■ Exercise instructions ■
Please repeat, from the entries that follow, the lines from the one containing "Бенто торт и" through the one containing "Atelier Pomme pacifier" exactly, adding nothing.
The data section start
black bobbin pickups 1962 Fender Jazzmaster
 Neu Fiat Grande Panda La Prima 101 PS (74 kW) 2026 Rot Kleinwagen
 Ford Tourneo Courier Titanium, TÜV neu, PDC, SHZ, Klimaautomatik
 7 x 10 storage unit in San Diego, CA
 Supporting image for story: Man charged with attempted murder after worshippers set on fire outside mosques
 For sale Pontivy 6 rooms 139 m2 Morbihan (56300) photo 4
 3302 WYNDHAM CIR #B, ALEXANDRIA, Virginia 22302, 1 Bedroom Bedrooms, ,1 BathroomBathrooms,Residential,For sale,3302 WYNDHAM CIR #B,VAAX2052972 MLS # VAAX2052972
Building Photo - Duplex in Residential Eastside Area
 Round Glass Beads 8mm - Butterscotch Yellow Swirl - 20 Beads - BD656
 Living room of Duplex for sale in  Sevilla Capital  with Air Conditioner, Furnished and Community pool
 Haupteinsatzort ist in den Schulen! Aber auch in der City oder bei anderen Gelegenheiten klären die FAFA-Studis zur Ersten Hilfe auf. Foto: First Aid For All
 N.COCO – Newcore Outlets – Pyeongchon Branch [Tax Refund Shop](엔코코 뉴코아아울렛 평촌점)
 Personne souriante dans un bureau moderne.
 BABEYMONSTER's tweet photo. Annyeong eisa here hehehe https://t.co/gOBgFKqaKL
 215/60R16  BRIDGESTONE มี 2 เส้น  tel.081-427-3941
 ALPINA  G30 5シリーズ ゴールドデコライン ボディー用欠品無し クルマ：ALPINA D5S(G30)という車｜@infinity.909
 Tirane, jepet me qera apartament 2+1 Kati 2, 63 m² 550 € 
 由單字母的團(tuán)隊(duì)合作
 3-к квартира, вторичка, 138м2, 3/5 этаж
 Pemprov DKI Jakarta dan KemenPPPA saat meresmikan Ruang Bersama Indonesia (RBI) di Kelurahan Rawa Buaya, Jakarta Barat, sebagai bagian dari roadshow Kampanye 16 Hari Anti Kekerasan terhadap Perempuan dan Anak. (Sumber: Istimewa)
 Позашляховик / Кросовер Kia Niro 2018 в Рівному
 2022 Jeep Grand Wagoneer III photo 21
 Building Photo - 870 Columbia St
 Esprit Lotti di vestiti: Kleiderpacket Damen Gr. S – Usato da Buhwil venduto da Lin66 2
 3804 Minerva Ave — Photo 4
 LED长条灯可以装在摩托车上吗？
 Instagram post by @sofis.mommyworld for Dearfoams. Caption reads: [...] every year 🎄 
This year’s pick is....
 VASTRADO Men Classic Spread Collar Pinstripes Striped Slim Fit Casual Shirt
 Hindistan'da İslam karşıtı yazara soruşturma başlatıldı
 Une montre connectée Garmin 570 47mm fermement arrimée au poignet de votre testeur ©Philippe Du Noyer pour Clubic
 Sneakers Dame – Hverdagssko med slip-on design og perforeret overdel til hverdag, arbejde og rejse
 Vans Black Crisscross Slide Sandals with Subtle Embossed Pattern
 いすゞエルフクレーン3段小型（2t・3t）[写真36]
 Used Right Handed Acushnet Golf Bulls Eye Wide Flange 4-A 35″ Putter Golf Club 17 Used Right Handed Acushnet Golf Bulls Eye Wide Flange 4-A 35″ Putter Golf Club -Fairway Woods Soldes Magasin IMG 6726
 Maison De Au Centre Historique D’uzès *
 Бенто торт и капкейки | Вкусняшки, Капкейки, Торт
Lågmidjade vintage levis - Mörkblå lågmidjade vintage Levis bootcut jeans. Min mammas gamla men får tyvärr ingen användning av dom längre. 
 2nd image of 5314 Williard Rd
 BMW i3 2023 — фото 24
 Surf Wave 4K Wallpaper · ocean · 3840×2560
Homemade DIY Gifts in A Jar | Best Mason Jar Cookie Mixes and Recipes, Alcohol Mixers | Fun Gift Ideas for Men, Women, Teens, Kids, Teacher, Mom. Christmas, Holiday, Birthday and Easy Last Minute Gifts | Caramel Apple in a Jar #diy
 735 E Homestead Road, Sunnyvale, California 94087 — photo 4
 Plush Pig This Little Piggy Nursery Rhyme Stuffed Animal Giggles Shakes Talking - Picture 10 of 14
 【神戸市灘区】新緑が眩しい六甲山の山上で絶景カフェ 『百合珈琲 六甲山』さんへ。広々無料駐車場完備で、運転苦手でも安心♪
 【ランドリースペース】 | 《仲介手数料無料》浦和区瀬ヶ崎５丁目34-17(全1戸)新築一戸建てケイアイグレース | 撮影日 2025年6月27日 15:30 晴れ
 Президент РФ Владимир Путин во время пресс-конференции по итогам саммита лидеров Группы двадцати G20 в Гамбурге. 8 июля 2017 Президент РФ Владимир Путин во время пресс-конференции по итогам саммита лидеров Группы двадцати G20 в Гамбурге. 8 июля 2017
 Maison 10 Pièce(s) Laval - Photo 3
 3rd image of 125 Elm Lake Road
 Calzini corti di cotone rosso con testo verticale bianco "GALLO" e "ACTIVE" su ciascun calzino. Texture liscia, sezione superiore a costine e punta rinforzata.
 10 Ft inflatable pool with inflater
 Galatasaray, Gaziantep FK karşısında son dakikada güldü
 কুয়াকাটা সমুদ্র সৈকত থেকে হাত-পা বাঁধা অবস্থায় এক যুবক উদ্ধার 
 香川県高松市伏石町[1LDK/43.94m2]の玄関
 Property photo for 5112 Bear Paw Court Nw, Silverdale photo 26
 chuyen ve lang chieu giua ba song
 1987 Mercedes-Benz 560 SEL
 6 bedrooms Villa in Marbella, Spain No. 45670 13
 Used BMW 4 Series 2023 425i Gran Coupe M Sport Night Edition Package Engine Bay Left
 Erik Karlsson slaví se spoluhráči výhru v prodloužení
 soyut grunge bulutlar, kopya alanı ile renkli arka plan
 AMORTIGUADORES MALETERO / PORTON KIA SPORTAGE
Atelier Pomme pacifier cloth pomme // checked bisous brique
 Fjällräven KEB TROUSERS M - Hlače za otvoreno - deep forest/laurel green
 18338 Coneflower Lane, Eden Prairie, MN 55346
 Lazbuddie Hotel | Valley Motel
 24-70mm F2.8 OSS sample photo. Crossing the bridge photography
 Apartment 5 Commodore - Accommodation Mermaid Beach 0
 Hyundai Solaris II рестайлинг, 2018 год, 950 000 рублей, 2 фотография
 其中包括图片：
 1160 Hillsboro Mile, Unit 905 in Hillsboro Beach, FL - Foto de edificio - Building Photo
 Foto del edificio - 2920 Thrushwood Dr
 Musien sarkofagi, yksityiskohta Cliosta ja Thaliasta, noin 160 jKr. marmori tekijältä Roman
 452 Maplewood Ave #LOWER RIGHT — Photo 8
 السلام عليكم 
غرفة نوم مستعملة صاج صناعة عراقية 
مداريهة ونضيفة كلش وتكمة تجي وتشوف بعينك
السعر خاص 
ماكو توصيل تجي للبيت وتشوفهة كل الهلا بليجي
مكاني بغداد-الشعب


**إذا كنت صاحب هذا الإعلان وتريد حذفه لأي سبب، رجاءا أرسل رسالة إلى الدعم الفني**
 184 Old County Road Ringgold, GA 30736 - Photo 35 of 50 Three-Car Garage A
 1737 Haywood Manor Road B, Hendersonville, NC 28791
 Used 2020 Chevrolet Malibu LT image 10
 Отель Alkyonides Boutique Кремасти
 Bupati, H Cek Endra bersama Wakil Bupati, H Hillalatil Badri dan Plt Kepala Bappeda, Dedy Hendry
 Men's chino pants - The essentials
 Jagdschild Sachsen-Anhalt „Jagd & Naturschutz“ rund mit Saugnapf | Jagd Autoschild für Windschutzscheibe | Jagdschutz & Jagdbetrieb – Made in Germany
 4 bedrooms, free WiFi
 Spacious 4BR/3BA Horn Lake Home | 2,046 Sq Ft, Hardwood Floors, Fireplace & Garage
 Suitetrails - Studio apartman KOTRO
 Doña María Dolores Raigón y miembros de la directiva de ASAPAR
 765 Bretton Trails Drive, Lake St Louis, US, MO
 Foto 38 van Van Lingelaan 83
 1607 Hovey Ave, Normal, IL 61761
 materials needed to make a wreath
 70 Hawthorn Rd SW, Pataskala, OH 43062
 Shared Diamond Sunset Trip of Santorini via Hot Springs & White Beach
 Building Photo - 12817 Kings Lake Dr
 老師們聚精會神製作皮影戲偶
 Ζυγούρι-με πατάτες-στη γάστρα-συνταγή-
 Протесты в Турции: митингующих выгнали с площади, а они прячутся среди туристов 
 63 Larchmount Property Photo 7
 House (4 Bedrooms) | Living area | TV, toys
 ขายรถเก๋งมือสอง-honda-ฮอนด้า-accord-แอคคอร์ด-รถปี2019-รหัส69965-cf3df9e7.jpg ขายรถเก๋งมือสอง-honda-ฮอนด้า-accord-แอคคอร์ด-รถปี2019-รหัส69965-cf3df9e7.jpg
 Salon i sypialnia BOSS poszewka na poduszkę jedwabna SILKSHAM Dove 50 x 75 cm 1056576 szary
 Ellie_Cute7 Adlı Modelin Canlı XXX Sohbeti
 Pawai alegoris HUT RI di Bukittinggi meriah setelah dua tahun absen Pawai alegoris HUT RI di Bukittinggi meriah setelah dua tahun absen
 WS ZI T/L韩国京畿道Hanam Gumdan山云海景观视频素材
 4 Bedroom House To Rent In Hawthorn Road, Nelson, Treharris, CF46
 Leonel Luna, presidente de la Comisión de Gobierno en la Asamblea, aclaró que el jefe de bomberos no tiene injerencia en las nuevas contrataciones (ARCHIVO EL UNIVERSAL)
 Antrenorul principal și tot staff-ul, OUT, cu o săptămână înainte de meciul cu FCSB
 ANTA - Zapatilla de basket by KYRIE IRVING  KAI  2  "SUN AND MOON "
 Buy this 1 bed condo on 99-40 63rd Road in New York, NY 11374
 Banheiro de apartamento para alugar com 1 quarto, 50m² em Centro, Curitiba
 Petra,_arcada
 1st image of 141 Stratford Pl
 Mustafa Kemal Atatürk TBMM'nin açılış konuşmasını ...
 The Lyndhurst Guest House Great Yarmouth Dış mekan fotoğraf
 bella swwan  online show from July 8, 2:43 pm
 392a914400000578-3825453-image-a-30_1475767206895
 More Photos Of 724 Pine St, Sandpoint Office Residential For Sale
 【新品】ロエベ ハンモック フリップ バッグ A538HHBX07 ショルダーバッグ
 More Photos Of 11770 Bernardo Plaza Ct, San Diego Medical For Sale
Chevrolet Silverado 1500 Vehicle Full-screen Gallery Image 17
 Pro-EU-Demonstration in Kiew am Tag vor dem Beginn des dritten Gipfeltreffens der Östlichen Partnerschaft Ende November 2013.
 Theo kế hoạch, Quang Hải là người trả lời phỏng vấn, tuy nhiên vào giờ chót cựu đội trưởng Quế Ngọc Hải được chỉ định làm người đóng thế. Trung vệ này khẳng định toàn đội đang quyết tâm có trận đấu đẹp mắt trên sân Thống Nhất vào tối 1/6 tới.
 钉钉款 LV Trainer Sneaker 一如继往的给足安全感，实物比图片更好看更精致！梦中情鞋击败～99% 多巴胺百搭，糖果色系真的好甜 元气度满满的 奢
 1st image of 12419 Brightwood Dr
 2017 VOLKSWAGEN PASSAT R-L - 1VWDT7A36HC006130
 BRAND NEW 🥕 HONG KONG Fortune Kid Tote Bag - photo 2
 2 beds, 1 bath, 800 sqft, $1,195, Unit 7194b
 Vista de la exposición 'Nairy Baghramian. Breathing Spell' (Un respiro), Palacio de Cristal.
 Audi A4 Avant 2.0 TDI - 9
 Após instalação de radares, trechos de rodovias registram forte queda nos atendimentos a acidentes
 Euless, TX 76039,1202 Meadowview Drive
The data section end
■ The completed task ■
 Бенто торт и капкейки | Вкусняшки, Капкейки, Торт
Lågmidjade vintage levis - Mörkblå lågmidjade vintage Levis bootcut jeans. Min mammas gamla men får tyvärr ingen användning av dom längre. 
 2nd image of 5314 Williard Rd
 BMW i3 2023 — фото 24
 Surf Wave 4K Wallpaper · ocean · 3840×2560
Homemade DIY Gifts in A Jar | Best Mason Jar Cookie Mixes and Recipes, Alcohol Mixers | Fun Gift Ideas for Men, Women, Teens, Kids, Teacher, Mom. Christmas, Holiday, Birthday and Easy Last Minute Gifts | Caramel Apple in a Jar #diy
 735 E Homestead Road, Sunnyvale, California 94087 — photo 4
 Plush Pig This Little Piggy Nursery Rhyme Stuffed Animal Giggles Shakes Talking - Picture 10 of 14
 【神戸市灘区】新緑が眩しい六甲山の山上で絶景カフェ 『百合珈琲 六甲山』さんへ。広々無料駐車場完備で、運転苦手でも安心♪
 【ランドリースペース】 | 《仲介手数料無料》浦和区瀬ヶ崎５丁目34-17(全1戸)新築一戸建てケイアイグレース | 撮影日 2025年6月27日 15:30 晴れ
 Президент РФ Владимир Путин во время пресс-конференции по итогам саммита лидеров Группы двадцати G20 в Гамбурге. 8 июля 2017 Президент РФ Владимир Путин во время пресс-конференции по итогам саммита лидеров Группы двадцати G20 в Гамбурге. 8 июля 2017
 Maison 10 Pièce(s) Laval - Photo 3
 3rd image of 125 Elm Lake Road
 Calzini corti di cotone rosso con testo verticale bianco "GALLO" e "ACTIVE" su ciascun calzino. Texture liscia, sezione superiore a costine e punta rinforzata.
 10 Ft inflatable pool with inflater
 Galatasaray, Gaziantep FK karşısında son dakikada güldü
 কুয়াকাটা সমুদ্র সৈকত থেকে হাত-পা বাঁধা অবস্থায় এক যুবক উদ্ধার 
 香川県高松市伏石町[1LDK/43.94m2]の玄関
 Property photo for 5112 Bear Paw Court Nw, Silverdale photo 26
 chuyen ve lang chieu giua ba song
 1987 Mercedes-Benz 560 SEL
 6 bedrooms Villa in Marbella, Spain No. 45670 13
 Used BMW 4 Series 2023 425i Gran Coupe M Sport Night Edition Package Engine Bay Left
 Erik Karlsson slaví se spoluhráči výhru v prodloužení
 soyut grunge bulutlar, kopya alanı ile renkli arka plan
 AMORTIGUADORES MALETERO / PORTON KIA SPORTAGE
Atelier Pomme pacifier cloth pomme // checked bisous brique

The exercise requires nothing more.